Nintendo Keeps Trying To Be My Mum. It’s Weird, But Maybe More Developers Should Try It, Too.


It’s 4am. I’m lying down in bed, barely holding up my 3DS.

By that point, I’ve been playing Fire Emblem: Awakening all night — long enough that I wouldn’t blame anyone for wondering if I’m sharp enough to keep pretending I’m still a competent tactician. But, I don’t care. The game has me wired; it’s that good. And yet it’s one of those situations where I know that if I put it down, I’d fall asleep just fine.

I don’t really have the intention of doing that though. Instead I opt to visit the game’s barracks — where you can eavesdrop on your army. The top screen shows you who is in the barracks. The bottom screen typically shows you idle small-talk from a random character.

Most of the time, I don’t even notice the bottom screen. That night, I do.

“What are you still doing up, Alois?”

…woah, what? Why did that character say to me? I wasn’t shocked at the time, not exactly, but the fact it seems to know I’m playing at an odd hour definitely made me self-conscious. Enough that I do actually go to sleep right then and there, though the day night, just the same, I find myself playing Fire Emblem well into the night.

And again, I notice that the characters respond to that.

“Hello, Alois. I was just preparing for a graceful night’s sleep.”

Okay, fine. Sleep. And then the next morning:

“Good morning, Alois.”

Definitely responding in relation to time, right? Just to check, I changed the 3DS’s clock and kept going in and out of the barracks. Sure enough, different quips about how late it was every time:

“Alois, I’m glad you’re on patrol, but go ahead and rest.”

“Alois, it’s late. No more snacking until tomorrow.”

“Alois, it’s getting late. Are you patrolling the camp?”

Geez, mum. I mean, err, Nintendo.

Of course, this isn’t so out of character for Nintendo — they produce games that happily remind you to take breaks every so often. I’ve also seen reminders on games that require motion controls, like on the Kinect. In fact, the first time I seriously played a game on the Kinect, it told me to take a break and I ignored it and kept playing for hours.

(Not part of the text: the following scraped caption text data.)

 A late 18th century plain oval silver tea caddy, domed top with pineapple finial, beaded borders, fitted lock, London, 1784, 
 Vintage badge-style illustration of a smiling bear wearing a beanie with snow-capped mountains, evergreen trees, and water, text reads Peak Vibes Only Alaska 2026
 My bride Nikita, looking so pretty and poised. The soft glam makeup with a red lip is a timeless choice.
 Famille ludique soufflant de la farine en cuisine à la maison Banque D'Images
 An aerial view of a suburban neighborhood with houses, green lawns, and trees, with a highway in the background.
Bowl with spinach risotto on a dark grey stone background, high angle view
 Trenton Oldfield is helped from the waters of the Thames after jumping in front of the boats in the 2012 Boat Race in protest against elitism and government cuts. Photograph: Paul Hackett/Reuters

The next day? I was a little store. Guess I should have listened, but most of the time I see the reminders to be healthy and conscientious as annoyances. The type of stuff that a parent would chide you about before you scream at them and tell them to get out of your room, GOD.

Now, I’m an adult. I can make choices for myself. Sometimes, they’re not the best ones — see aforementioned tendency to game well into the night. And yet there is something about this industry — the way we tout the addictiveness of a game as a feature, as a virtue, as something good…that stuff makes me profoundly uncomfortable.

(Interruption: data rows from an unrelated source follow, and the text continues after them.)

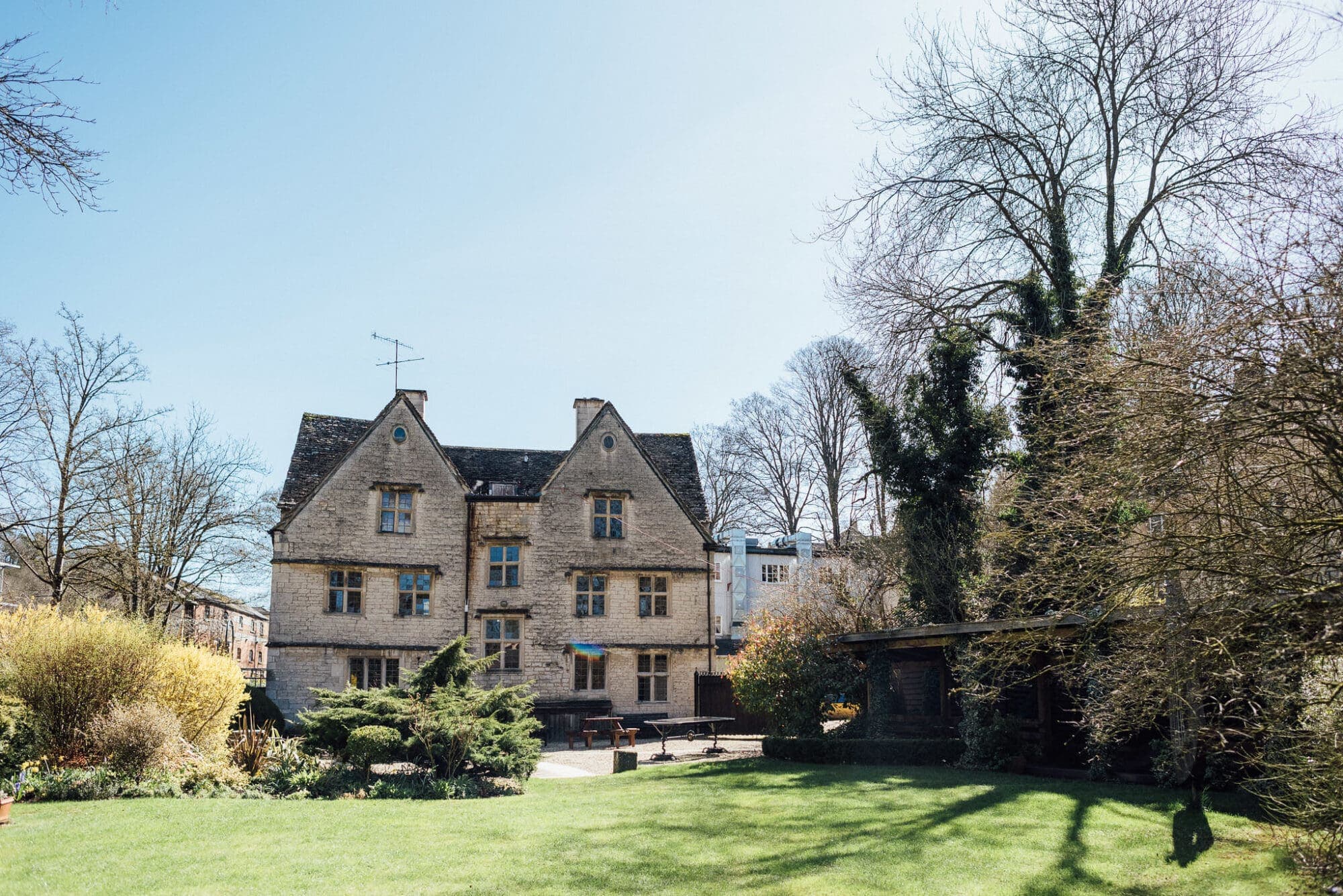Rear exterior of a Cotswold stone manor house with a lawned garden and bare trees.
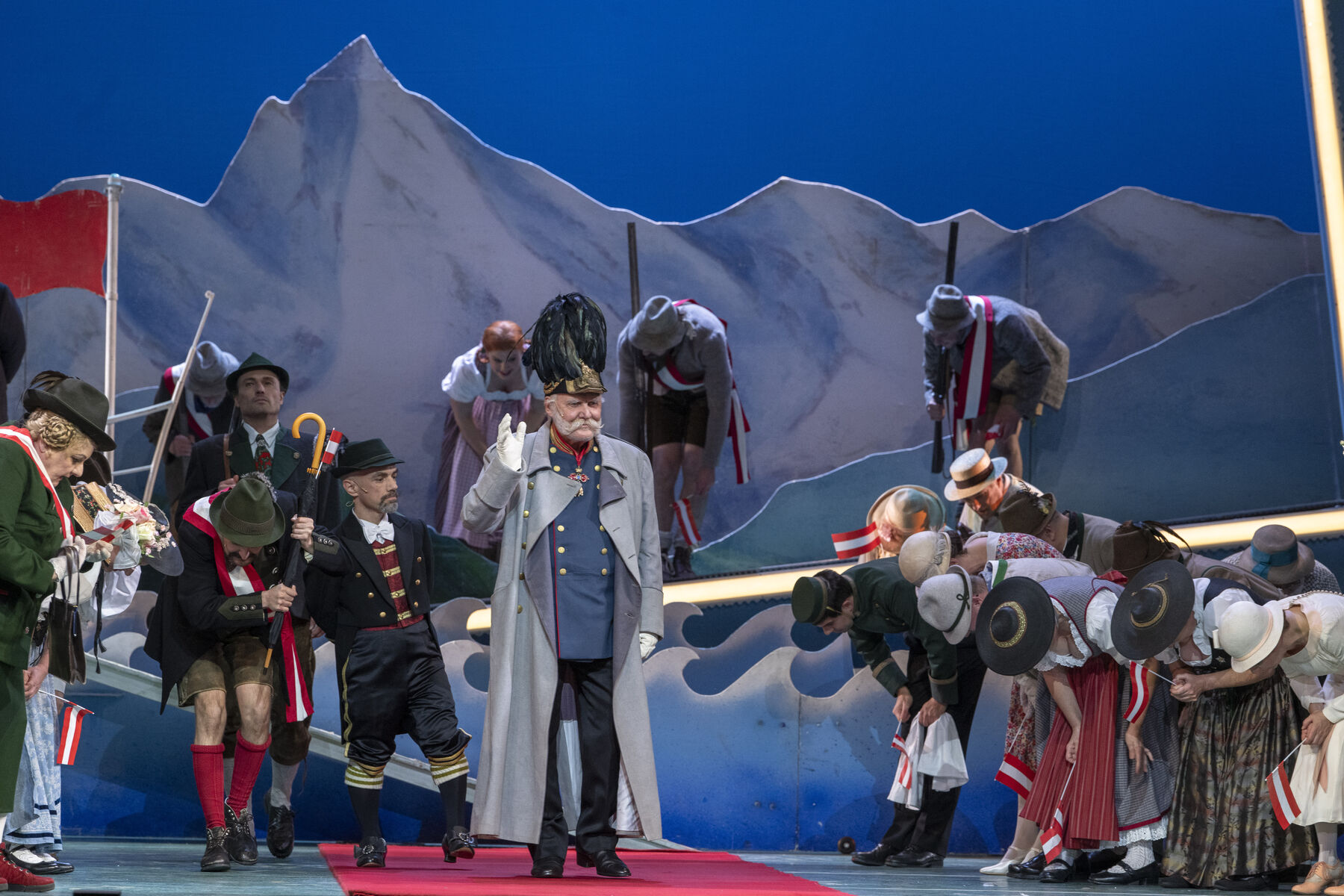 Mitglieder des Ensembles sind auf der blauen Bühne zu sehen. Im Hintergrund sind Berge.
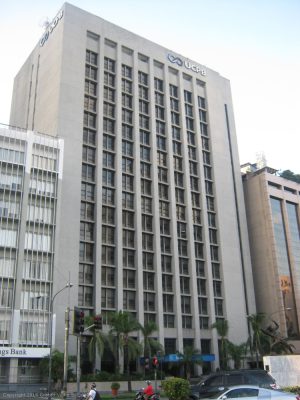 UCPB Corporate Offices is a blocky building with a facade of gray concrete. This picture was taken from Paseo De Roxas corner Makati Avenue, on the sidewalk adjacent to Zuellig Building.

It makes me uncomfortable and I can’t help but wonder if developers shouldn’t be more conscientious about what they make. Now, I’m not saying I like being told what to do, or that I can’t be trusted to make my own choices.

But you gotta wonder just how much responsibility a developer that explicitly intends to make games with “addicting gameplay” should take in ensuring or at least reminding players to be responsible, no?